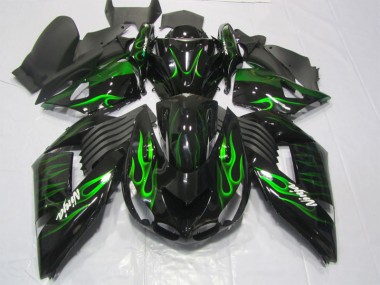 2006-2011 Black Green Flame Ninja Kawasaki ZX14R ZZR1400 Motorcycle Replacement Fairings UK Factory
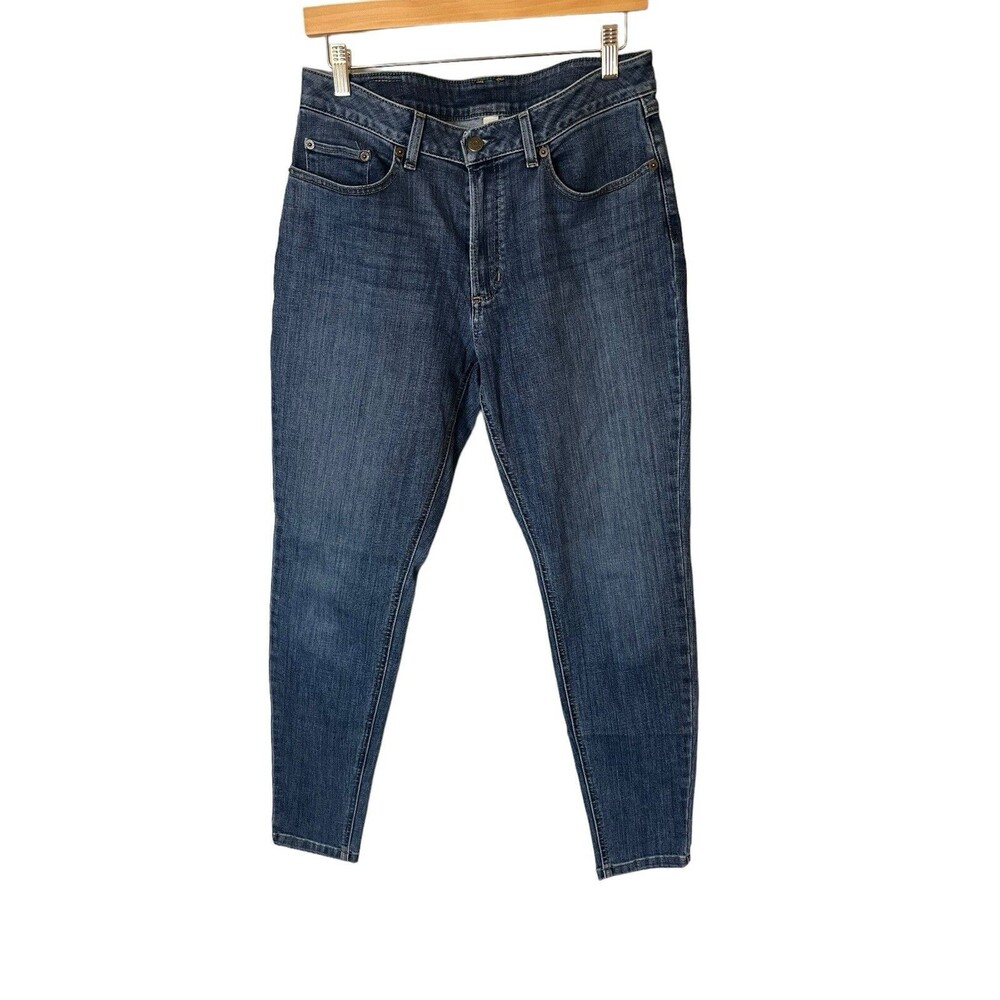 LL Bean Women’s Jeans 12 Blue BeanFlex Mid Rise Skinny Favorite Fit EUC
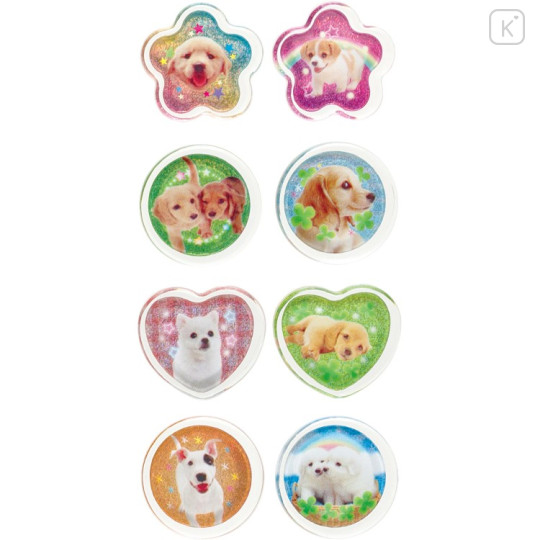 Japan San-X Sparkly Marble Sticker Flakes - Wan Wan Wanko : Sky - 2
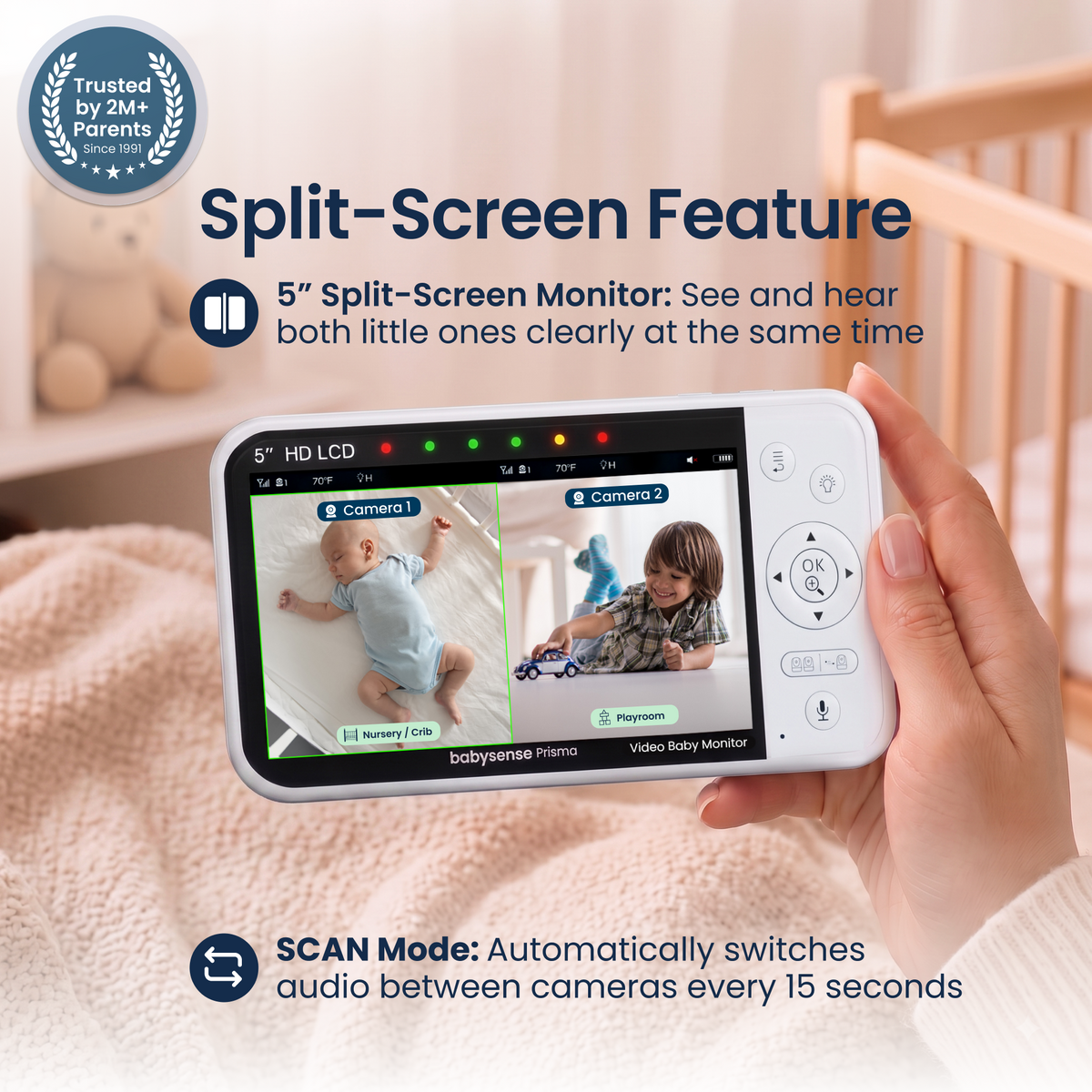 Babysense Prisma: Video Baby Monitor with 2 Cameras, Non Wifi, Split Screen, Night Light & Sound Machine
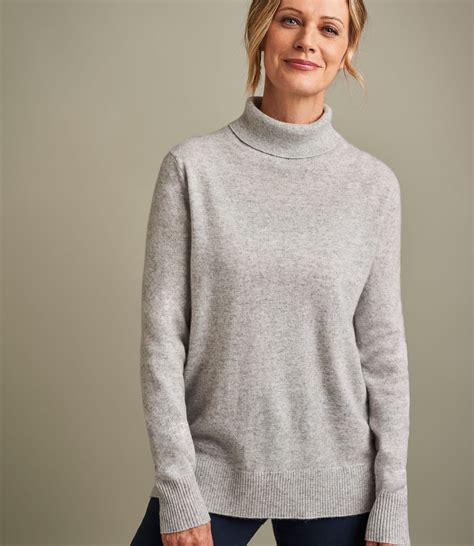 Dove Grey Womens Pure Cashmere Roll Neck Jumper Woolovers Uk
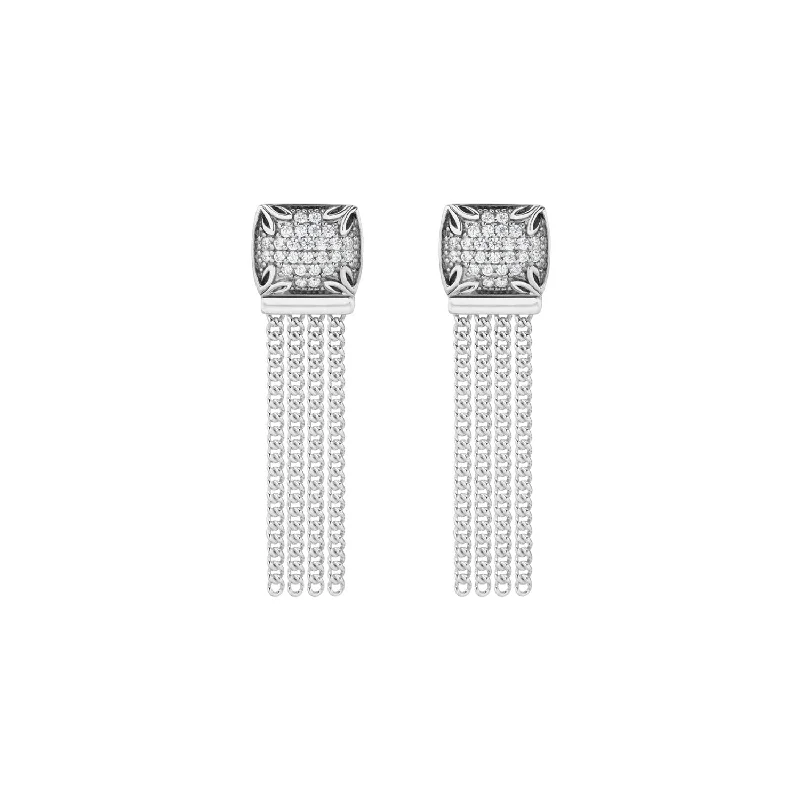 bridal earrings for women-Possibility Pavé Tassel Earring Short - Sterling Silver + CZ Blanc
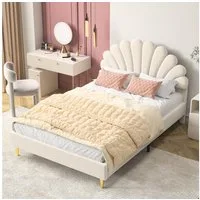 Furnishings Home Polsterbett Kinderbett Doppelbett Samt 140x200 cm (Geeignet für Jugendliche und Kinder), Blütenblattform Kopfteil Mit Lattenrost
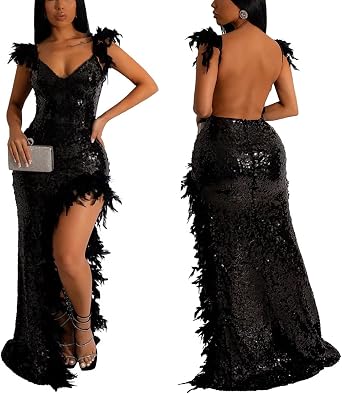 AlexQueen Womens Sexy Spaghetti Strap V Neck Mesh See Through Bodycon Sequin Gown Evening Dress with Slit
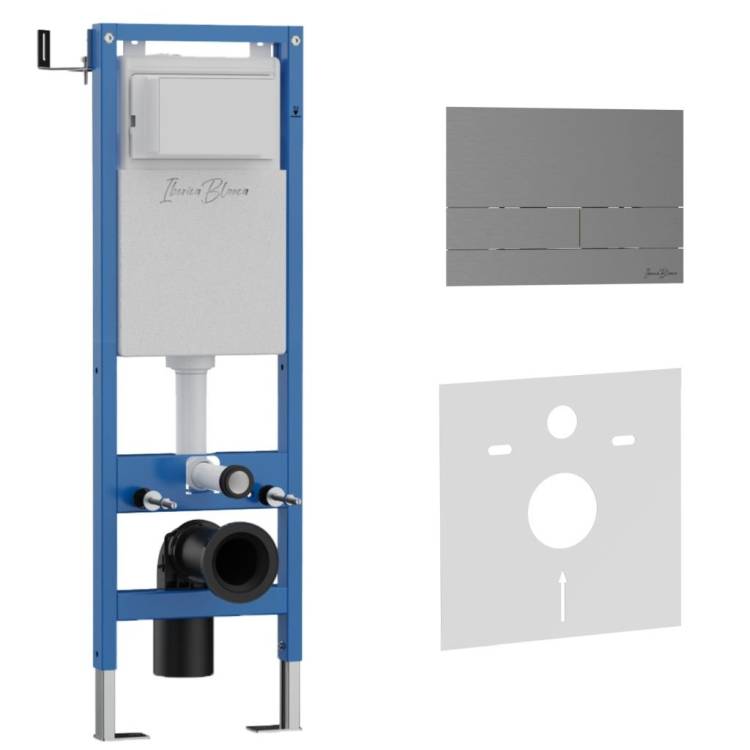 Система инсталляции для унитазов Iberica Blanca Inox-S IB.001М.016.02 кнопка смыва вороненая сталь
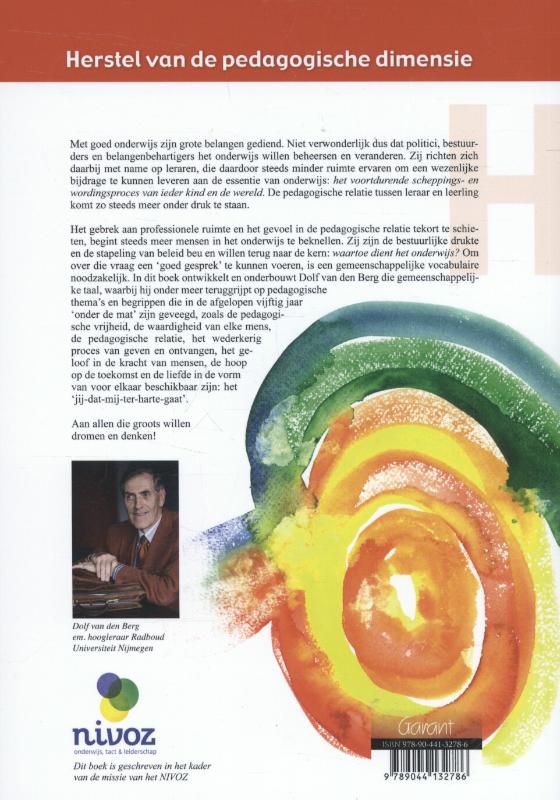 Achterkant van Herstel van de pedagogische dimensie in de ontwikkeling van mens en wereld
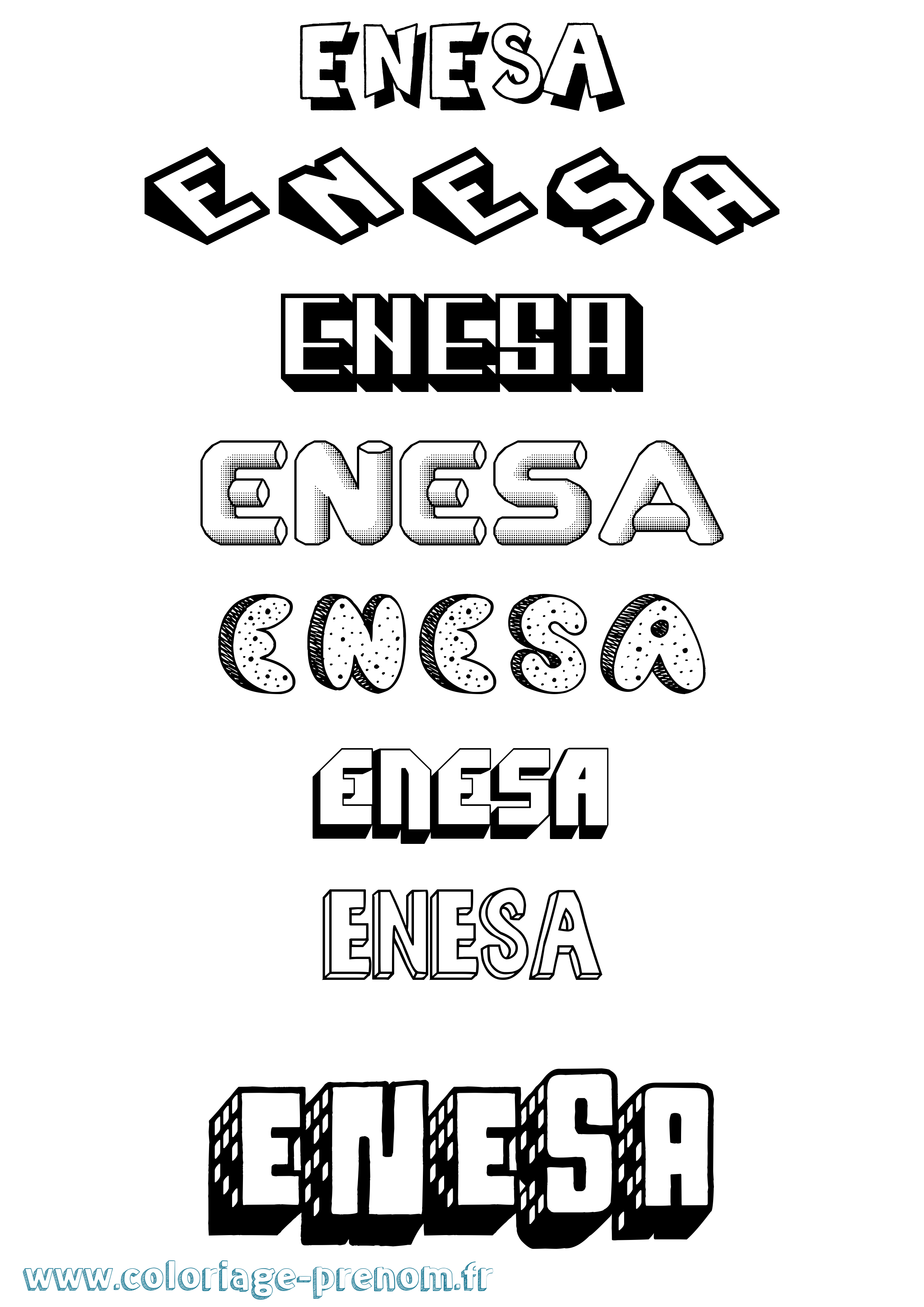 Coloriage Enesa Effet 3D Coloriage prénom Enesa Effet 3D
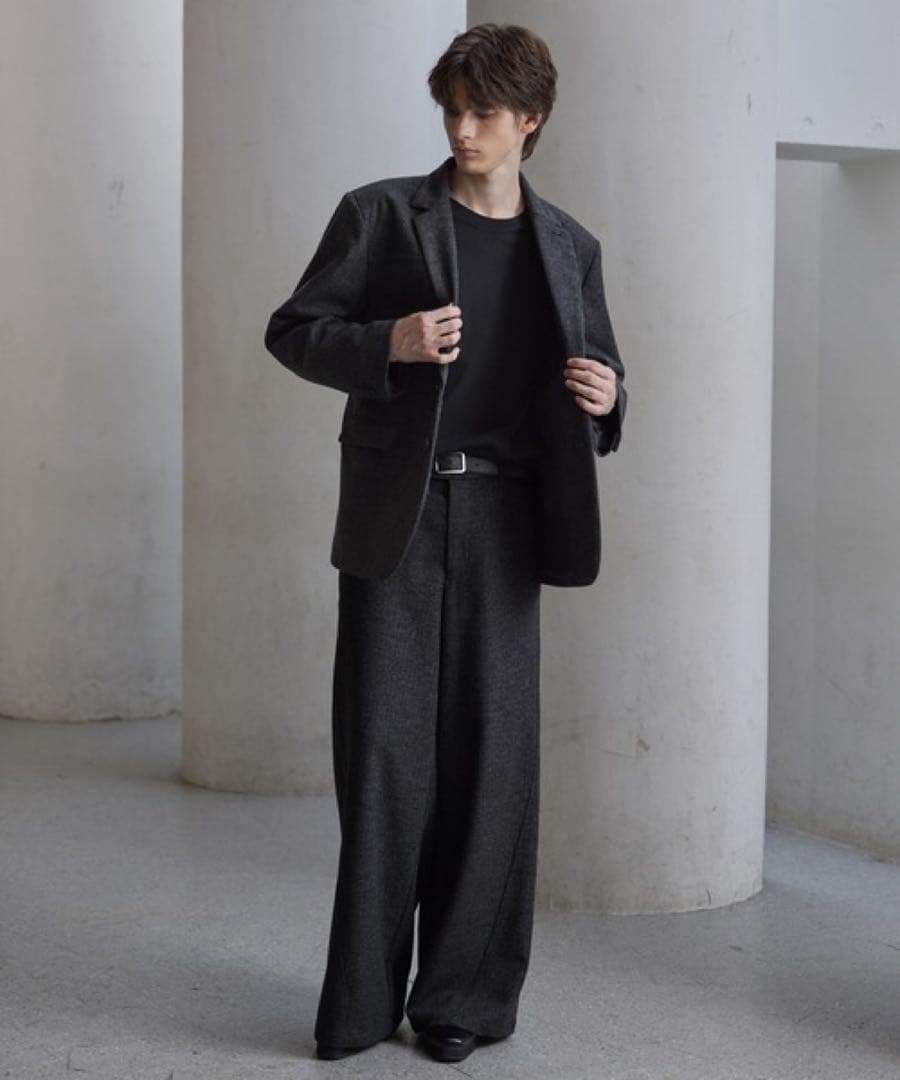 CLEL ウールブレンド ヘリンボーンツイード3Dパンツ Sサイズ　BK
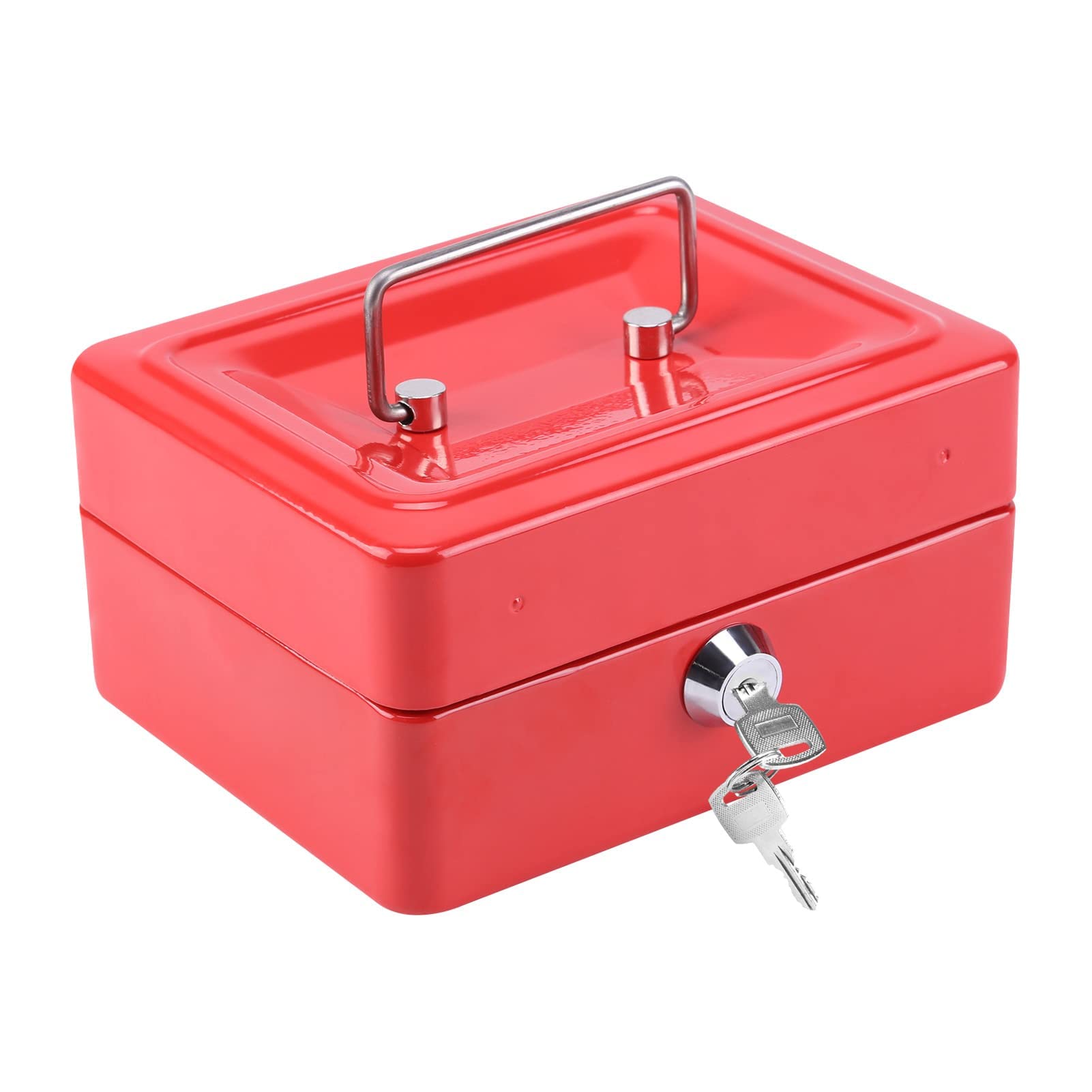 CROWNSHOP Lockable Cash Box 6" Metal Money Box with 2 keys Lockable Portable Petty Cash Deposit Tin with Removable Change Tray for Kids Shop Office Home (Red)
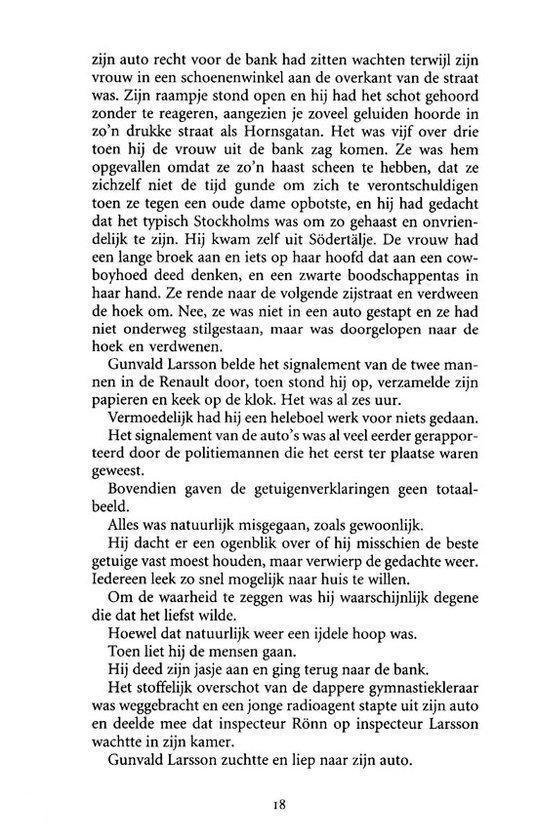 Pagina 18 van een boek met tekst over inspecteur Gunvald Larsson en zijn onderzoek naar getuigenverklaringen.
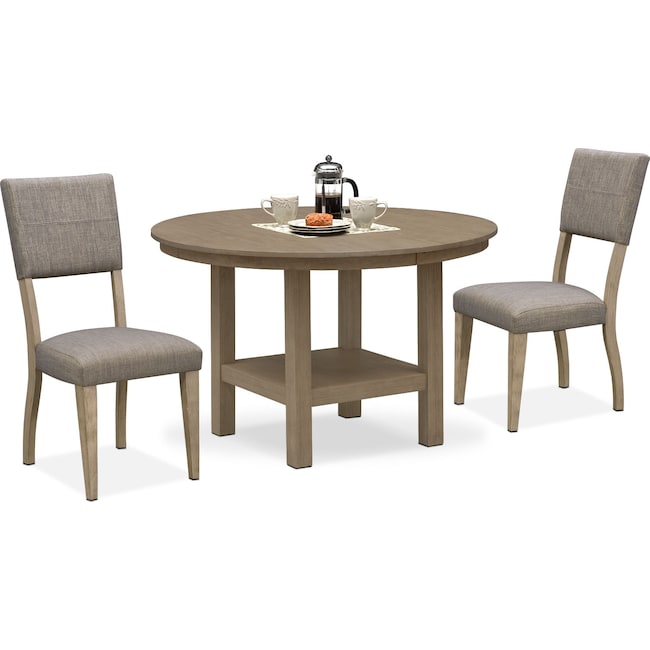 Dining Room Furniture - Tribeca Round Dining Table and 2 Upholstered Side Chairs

* * * * *

= Work instructions =
Here the job is to copy the stretch of records from the line containing "AlexQueen Womens Sexy" through the line containing "CROWNSHOP Lockable Cash", word for word. Leave every picture out.

= Exercise answer =
 AlexQueen Womens Sexy Spaghetti Strap V Neck Mesh See Through Bodycon Sequin Gown Evening Dress with Slit
 Система инсталляции для унитазов Iberica Blanca Inox-S IB.001М.016.02 кнопка смыва вороненая сталь
 Achterkant van Herstel van de pedagogische dimensie in de ontwikkeling van mens en wereld
 Coloriage Enesa Effet 3D Coloriage prénom Enesa Effet 3D
 CLEL ウールブレンド ヘリンボーンツイード3Dパンツ Sサイズ　BK
 CROWNSHOP Lockable Cash Box 6" Metal Money Box with 2 keys Lockable Portable Petty Cash Deposit Tin with Removable Change Tray for Kids Shop Office Home (Red)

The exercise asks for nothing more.